And well they should be! Nothing in at least the past eight years in the NBA has made me feel as alive again as what was re-lived in that documentary.
Watching Dan Klores' brilliant and passionate documentary on Sunday night made me realize something I, a diehard Knicks fan like Mr. Klores himself, never thought possible. It made me type a line I never thought possible: I miss Reggie Miller.
Hang on for a second. Is that right? Have we gotten to that point of stagnation in today's NBA? Has the Knickerbockers franchise been drowning for that long now?
Well, yes and no. Don't get me wrong, there is as much talent and great, likable, fun-to-watch players in this league as there has ever been. I still love the playoffs every year. Yet is it wrong for me to say that there is not the fire and intensity and hostility over an 82-game schedule and playoffs as there once was?
Also, it's not so much that I miss Reggie per se. I miss the feel and landscape of the Knicks, as well as the game overall back in the mid-'90s when passions burned and fights between heated rivals were pretty much expected to happen in-game, every game. It seemed that in the '90s, every playoff series between the Knicks and Bulls, Knicks and Pacers, or Knicks and Heat came down to a final possession in a pivotal and often seventh game.
And while all three of those rivalries took on lives of their own, no one was more fun to hate than the grotesquely skinny shooting guard with the funny ears who deliberately kicked his leg out while shooting threes to draw cheap fouls. He was a mad scientist cheap shot artist who didn't fight fair. Not only that, he knew it and he loved every minute of it. Hollywood literally (remember Eddie?) couldn't create a better villain for the Knicks than Reggie.

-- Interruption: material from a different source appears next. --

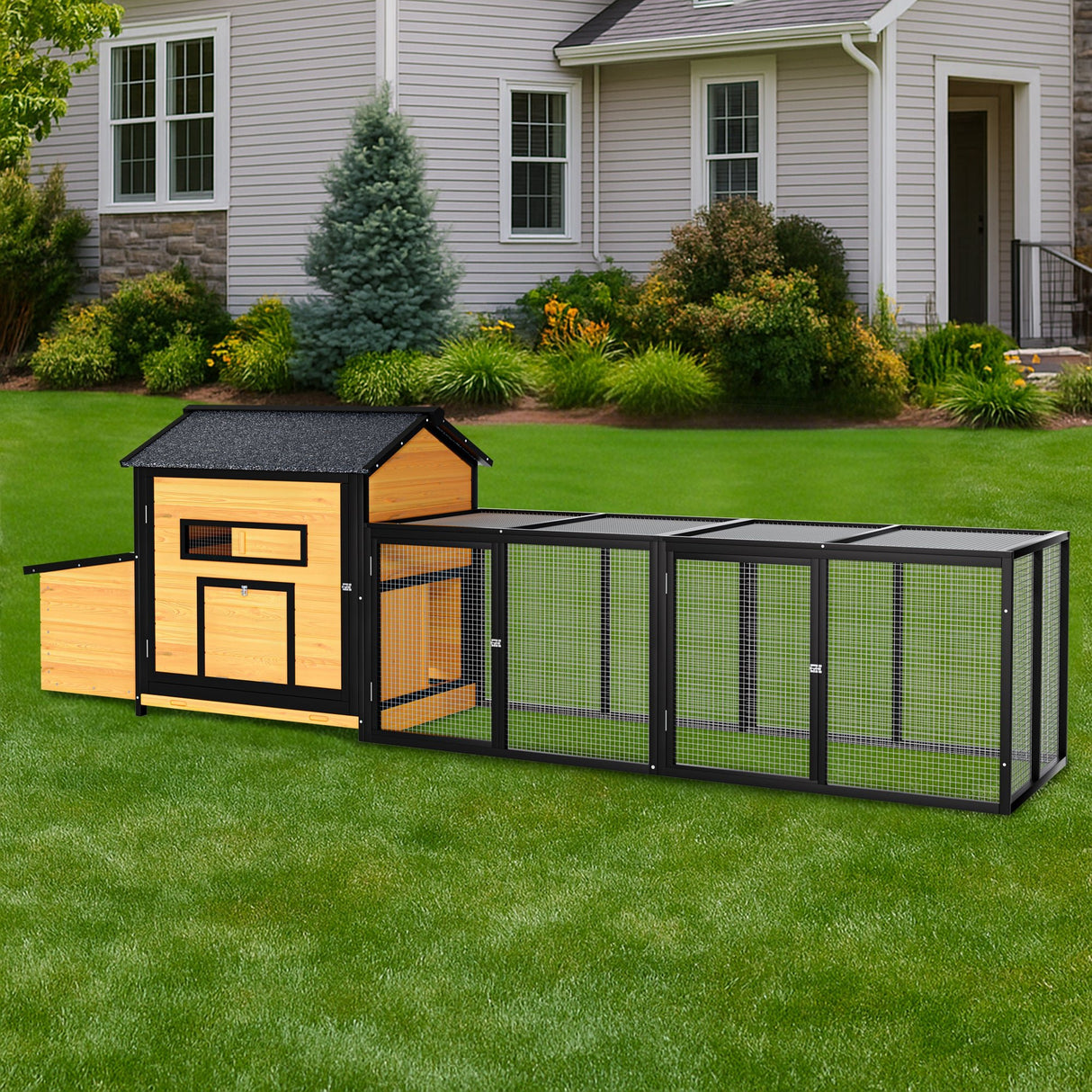 118" Large Wooden Chicken Coop with Nesting Box Leak - Proof Pull - Out Tray Asphalt Roof & Free - Range Doors - Fab Heavy Parts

That's not to say the '90s Knicks were choirboys. Most outside the region hated New York like we hated Reggie. They saw the Knicks as thugs who pounded their foes into submission through personal fouls of the unnecessary roughness type. Interestingly enough, Klores' piece shows just as much brawl footage of the Pacers as it did of the Knicks (and not necessarily against one another, either). Perhaps in the mid-'90s world of no-holds-barred defense, most teams simply had a good fight in them from time to time.
Conversely, I don't believe I will ever be so attached to the Knicks franchise as I did when they sported angry flattop Patrick Ewing, fireplug John Starks, and enforcer Charles Oakley, who never met a front row he didn't like. In later years, those around Ewing would be replaced by the silent sniper Allan Houston, a furious attacker of the hoop in Latrell Sprewell, a high-flyer in Marcus Camby, and a past-his-prime wily vet in Larry Johnson (whose Grandmama moniker now seemed appropriate). All these players had one thing in common: no championship rings. They always seemed to be on an epic quest to change that once and for all. And we were along for the ride.
In fairness, it warrants mentioning that the Pacers were also a team of very talented players also yearning maniacally for that one title ring that never came. Naturally, some brawls ensued and some head games were played, particularly at the two-guard position with Reggie and John.
The focus of Klores' piece was mostly on the first few games that made Reggie famous for tormenting the Knicks (why anyone hasn't made a Reggie-Torments-the-Knicks box-set of games for sale on DVD yet is anyone's guess; I can think of at least six games you could include), however, no significant moment from the 1993-95 Knicks/Pacers wars were missed. They did gloss over the epic Game 7 from the '94 Conference Finals awfully quickly, mostly because they made Reggie the main character of the piece rather than the foil. That Game 7 was Patrick Ewing's moment to shine, not Reggie's.
When they got to the '95 series, obviously they rehashed Miller's 8-in-8.9-seconds-heroics and the Knick breakdown of Game 1, en route to Indy going up 3-1 in the series. When they showed Ewing drain the game-winner in Game 5 of this series with their season on the line, I spontaneously pumped my fist twice even as I knew it would happen. It still meant that much to me.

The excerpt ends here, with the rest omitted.